HOW TO COMPLETE THIS TASK – Below are some entries. Return exactly the lines from the one with "Capote poster" through the final line, leaving out any pictures.

Brief descriptive captions:
····················
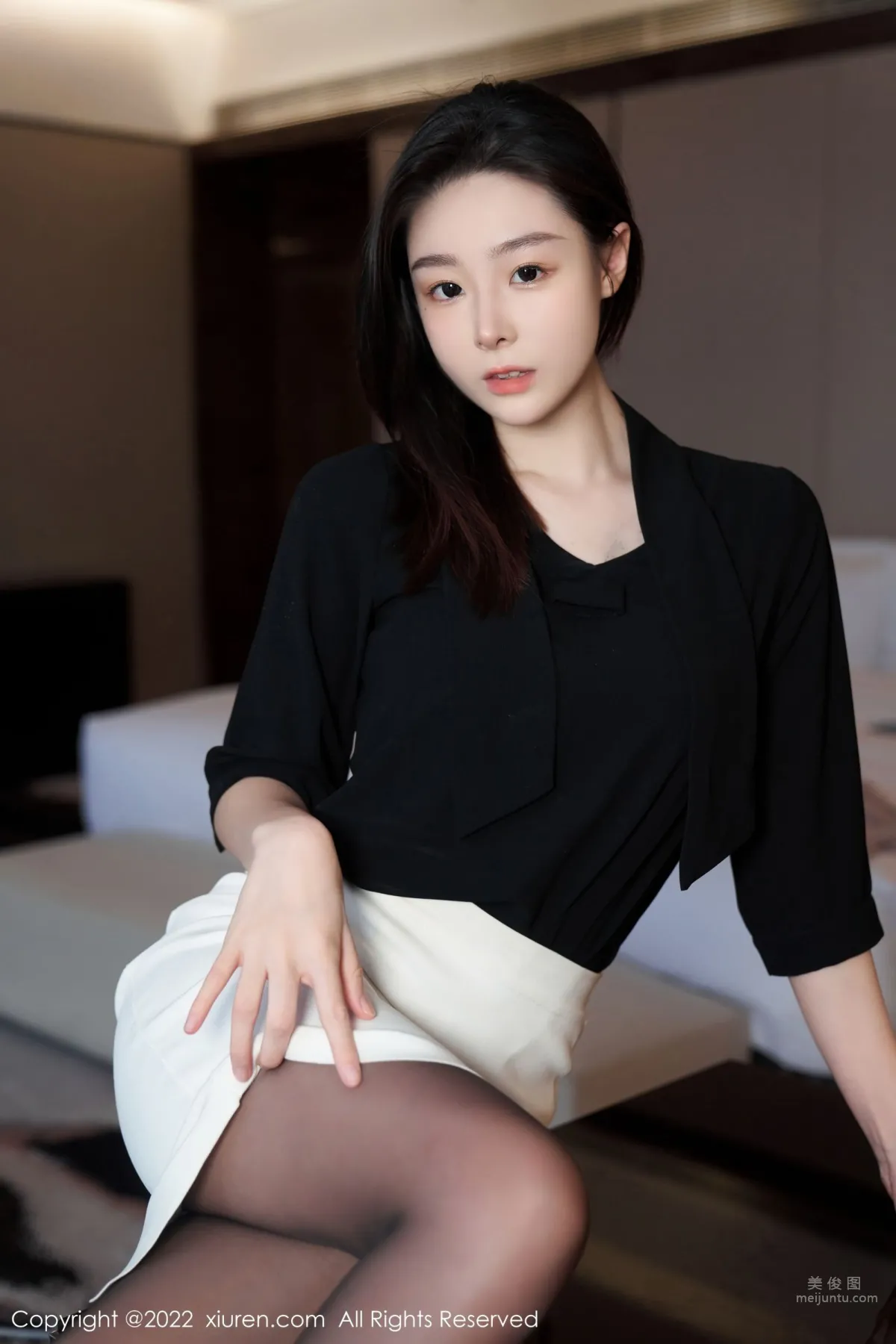 [XiuRen] 2022.07.21 No.5312 Doudou DouDou photo 3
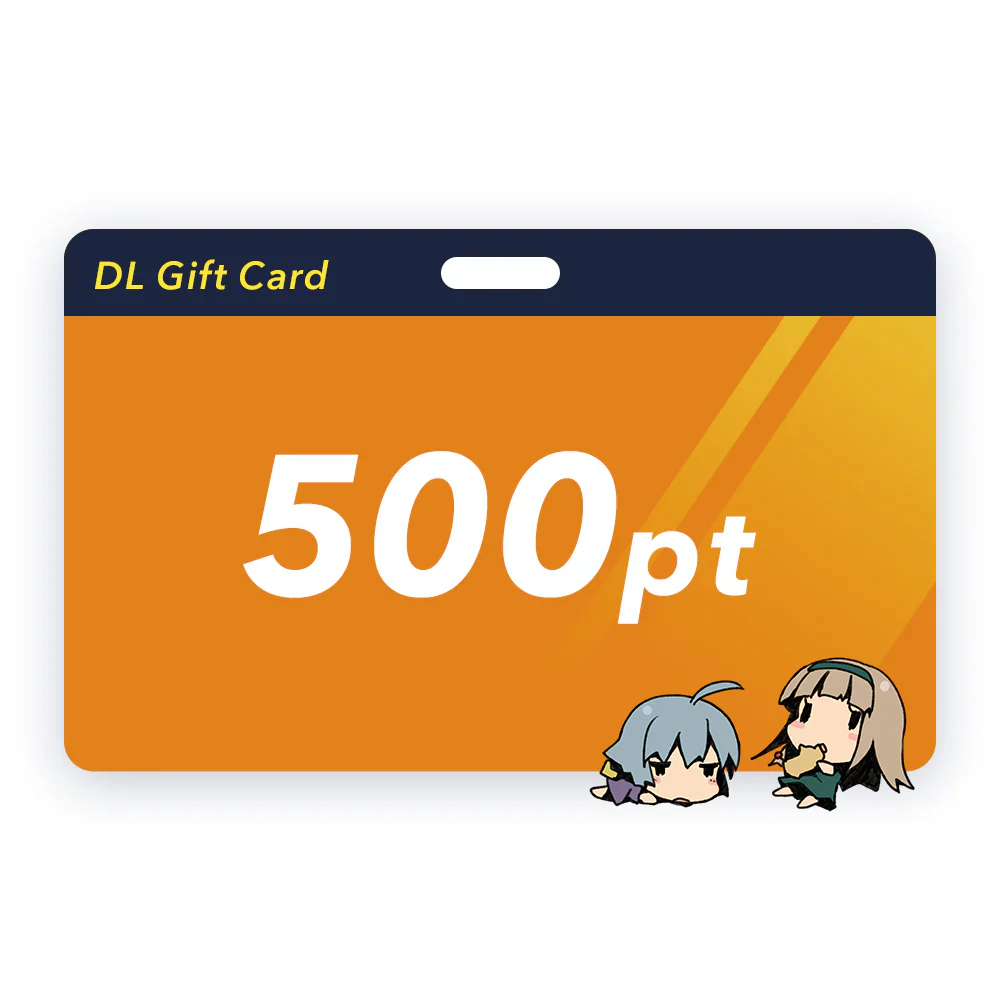 DLギフトカード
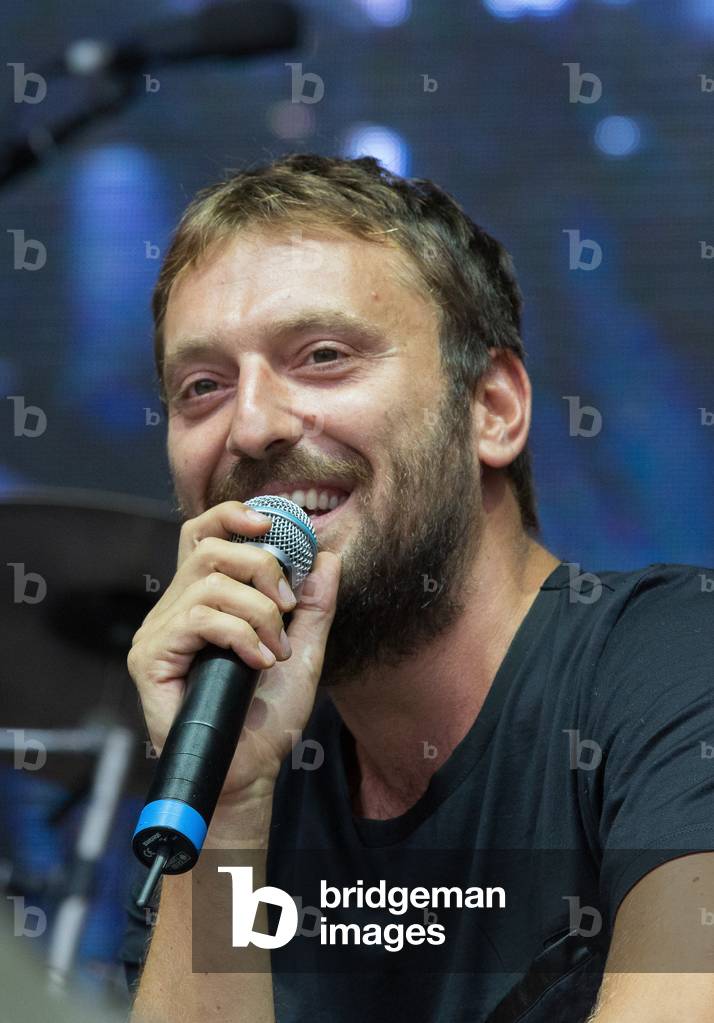 Cesare Cremonini, 2015 (photo)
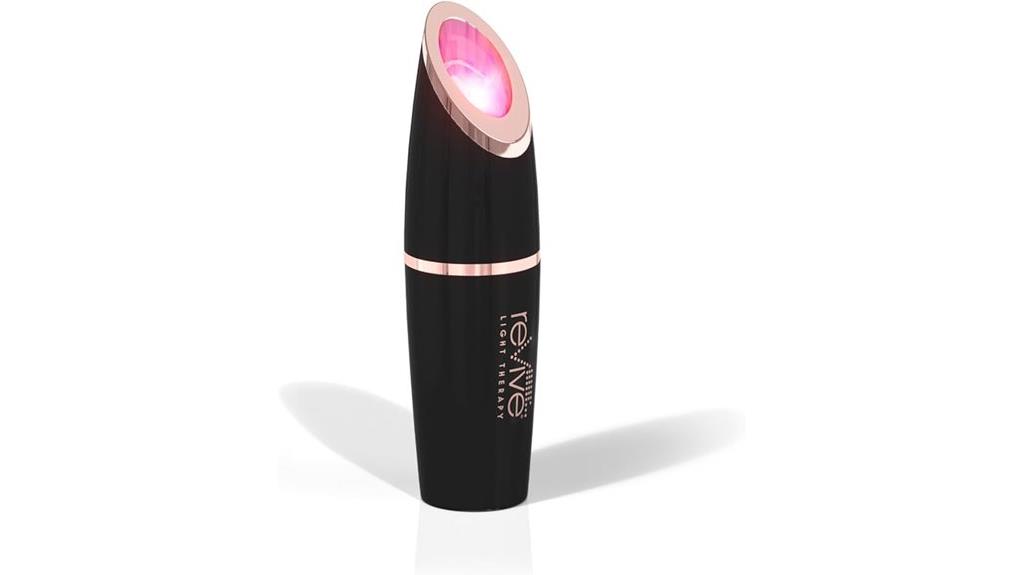 light therapy acne device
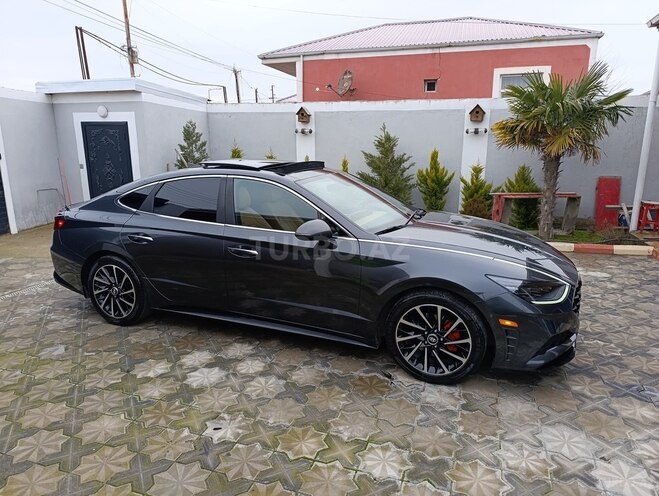 Hyundai Sonata 2021, 67,448 km - 1.6 l - Bakı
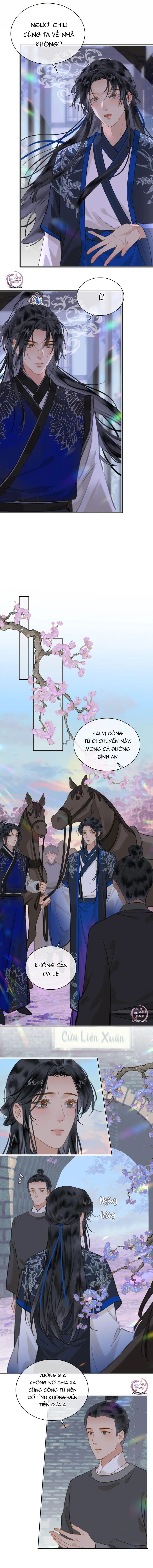 Cơn Mưa Quên Lối Về Chapter 76 Trang 3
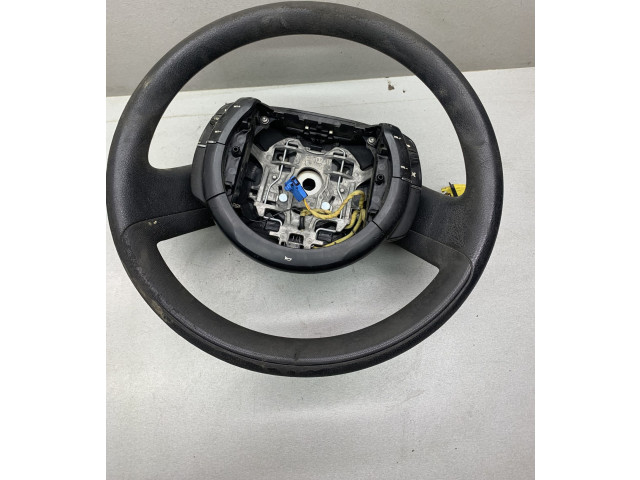 Руль Citroen C4 I 2004 - 2010 года 96823700ZD, 621SB50812174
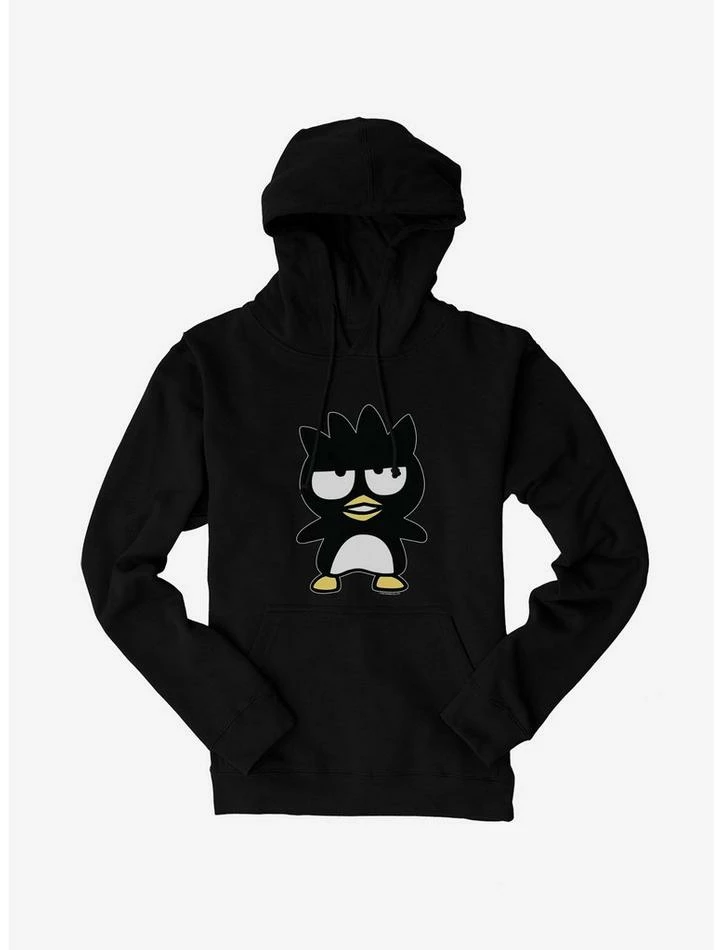 Coupon ✔️ Badtz Maru Ticked Off Hoodie 👍 4 Coupon ✔️ Badtz Maru Ticked Off Hoodie 👍 - Image 2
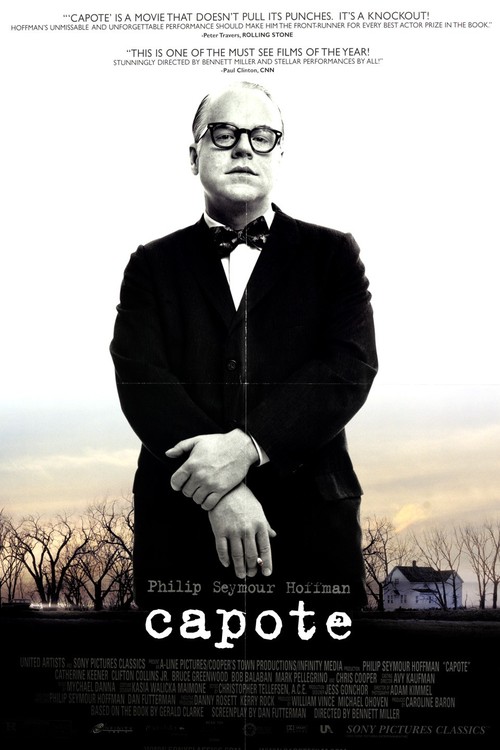 Capote poster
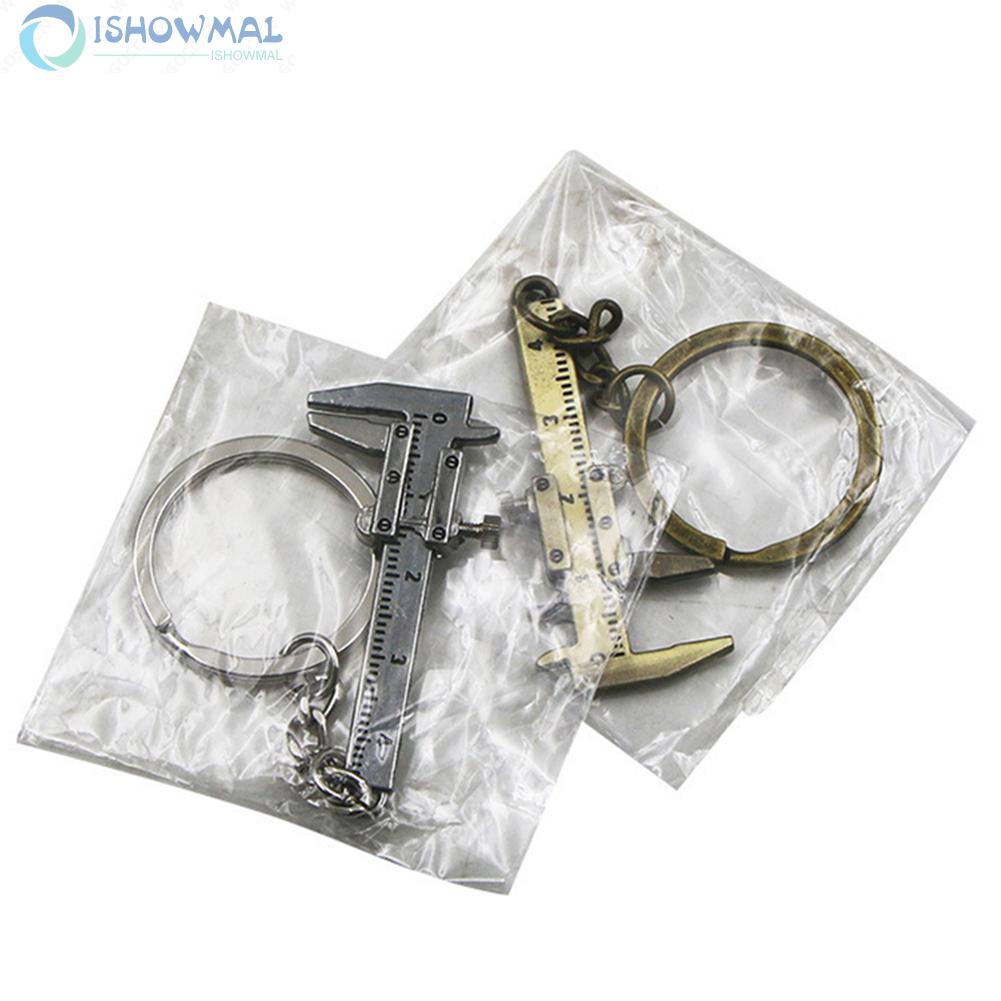 Thước Cặp Vernier Bỏ Túi Có Móc Khóa Hoàn Hảo Và Dễ Đo Lường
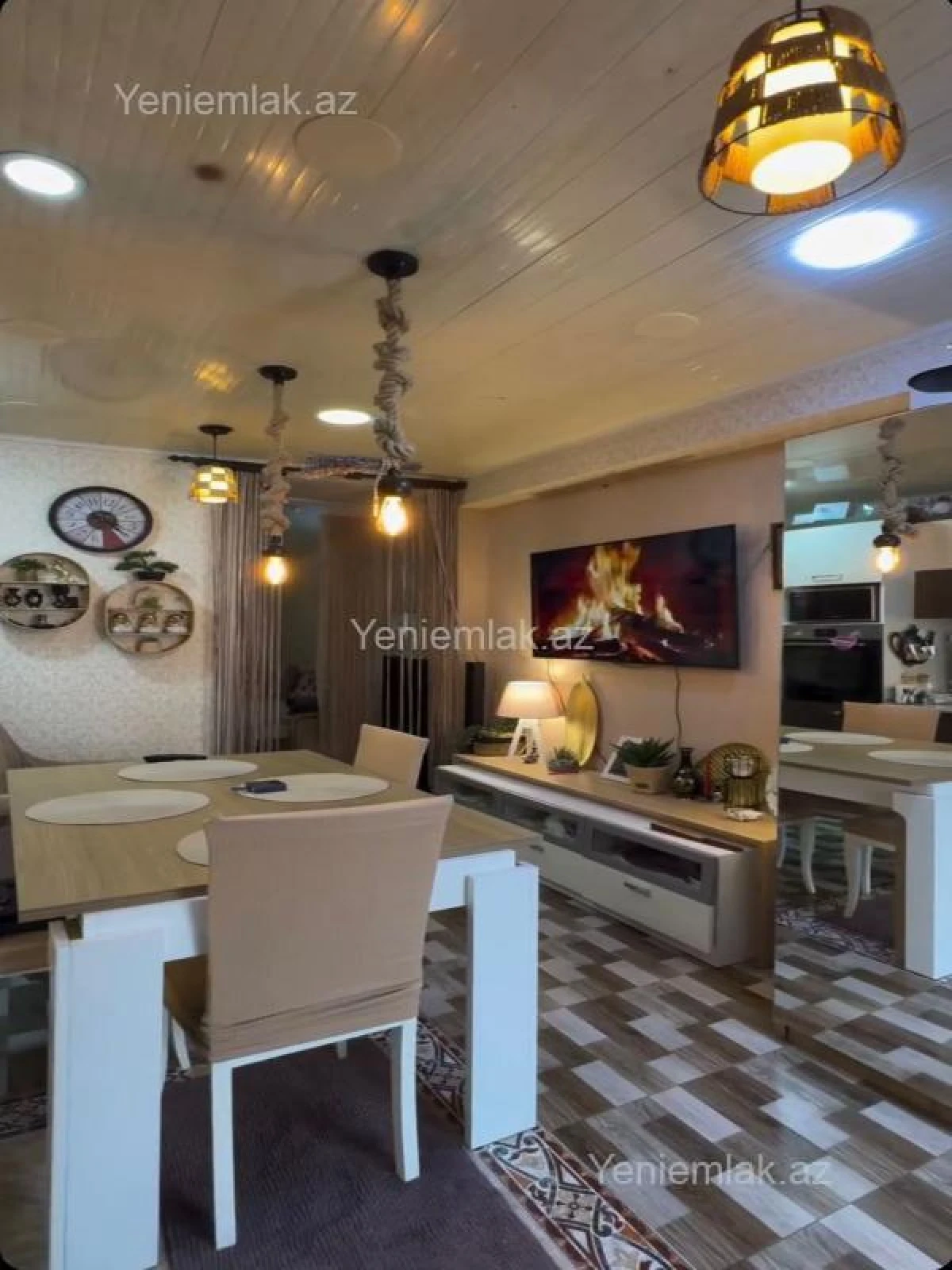 Satılır 3 otaqlı köhnə tikili 76 m²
····················
WRITTEN SOLUTION –
 Capote poster
 Thước Cặp Vernier Bỏ Túi Có Móc Khóa Hoàn Hảo Và Dễ Đo Lường
 Satılır 3 otaqlı köhnə tikili 76 m²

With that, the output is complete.